Records shown: Begin

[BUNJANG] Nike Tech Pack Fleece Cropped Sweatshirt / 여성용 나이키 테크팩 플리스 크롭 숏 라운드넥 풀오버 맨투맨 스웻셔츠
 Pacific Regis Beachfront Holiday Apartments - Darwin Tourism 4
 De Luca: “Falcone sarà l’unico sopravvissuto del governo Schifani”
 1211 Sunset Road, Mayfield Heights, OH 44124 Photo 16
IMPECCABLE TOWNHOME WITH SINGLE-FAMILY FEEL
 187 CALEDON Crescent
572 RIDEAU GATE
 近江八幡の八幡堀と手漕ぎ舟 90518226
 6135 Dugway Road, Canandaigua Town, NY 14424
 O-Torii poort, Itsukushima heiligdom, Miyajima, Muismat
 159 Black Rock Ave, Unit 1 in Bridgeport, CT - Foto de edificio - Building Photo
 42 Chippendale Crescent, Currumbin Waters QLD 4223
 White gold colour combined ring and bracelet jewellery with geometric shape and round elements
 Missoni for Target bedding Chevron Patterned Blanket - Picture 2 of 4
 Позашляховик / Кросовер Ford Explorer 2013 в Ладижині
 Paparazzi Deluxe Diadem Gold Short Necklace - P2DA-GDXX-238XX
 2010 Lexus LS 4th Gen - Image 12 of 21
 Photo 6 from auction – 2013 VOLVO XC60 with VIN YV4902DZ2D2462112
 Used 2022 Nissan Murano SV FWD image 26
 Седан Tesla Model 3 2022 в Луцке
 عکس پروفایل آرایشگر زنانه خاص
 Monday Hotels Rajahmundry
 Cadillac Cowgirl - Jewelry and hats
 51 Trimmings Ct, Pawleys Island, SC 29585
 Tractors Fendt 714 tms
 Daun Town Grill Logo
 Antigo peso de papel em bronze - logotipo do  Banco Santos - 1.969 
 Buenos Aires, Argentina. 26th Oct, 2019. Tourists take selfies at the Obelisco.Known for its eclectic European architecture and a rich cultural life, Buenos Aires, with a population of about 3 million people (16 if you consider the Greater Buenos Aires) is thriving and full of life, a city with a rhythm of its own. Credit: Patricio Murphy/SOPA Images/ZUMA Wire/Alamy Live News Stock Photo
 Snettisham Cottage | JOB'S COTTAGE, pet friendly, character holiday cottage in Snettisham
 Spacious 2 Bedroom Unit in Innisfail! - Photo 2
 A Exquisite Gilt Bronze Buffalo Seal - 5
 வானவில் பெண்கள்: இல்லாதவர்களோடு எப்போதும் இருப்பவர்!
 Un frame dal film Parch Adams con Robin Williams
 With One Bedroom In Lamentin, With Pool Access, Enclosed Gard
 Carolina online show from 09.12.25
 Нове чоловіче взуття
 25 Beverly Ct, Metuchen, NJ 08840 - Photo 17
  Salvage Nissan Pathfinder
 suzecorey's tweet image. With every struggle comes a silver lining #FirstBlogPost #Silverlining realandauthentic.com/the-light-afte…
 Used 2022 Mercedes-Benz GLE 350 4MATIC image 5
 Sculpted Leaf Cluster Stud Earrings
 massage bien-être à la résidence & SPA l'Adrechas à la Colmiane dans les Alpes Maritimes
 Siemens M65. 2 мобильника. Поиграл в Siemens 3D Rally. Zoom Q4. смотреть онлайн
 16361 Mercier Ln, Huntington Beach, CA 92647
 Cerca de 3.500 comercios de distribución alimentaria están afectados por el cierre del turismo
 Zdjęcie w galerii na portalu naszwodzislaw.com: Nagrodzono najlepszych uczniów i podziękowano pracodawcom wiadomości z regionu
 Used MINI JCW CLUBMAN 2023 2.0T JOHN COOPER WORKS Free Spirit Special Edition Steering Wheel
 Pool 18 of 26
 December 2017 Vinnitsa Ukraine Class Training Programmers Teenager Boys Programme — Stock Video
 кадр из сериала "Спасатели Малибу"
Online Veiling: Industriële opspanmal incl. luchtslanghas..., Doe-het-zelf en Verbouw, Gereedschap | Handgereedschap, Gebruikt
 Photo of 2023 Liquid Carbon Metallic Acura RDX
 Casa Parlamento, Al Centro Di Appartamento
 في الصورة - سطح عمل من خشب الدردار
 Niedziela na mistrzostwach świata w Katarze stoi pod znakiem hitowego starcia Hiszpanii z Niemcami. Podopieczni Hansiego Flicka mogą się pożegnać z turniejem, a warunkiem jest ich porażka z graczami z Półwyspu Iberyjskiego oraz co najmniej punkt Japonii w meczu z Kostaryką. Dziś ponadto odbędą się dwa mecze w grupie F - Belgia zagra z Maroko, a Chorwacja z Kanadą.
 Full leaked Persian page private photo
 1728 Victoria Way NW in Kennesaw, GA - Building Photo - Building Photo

Records shown: End

> _How to complete this task_
Among the lines above, find those with the word "Road". Copy them.

> _Task solution_
 1211 Sunset Road, Mayfield Heights, OH 44124 Photo 16
 6135 Dugway Road, Canandaigua Town, NY 14424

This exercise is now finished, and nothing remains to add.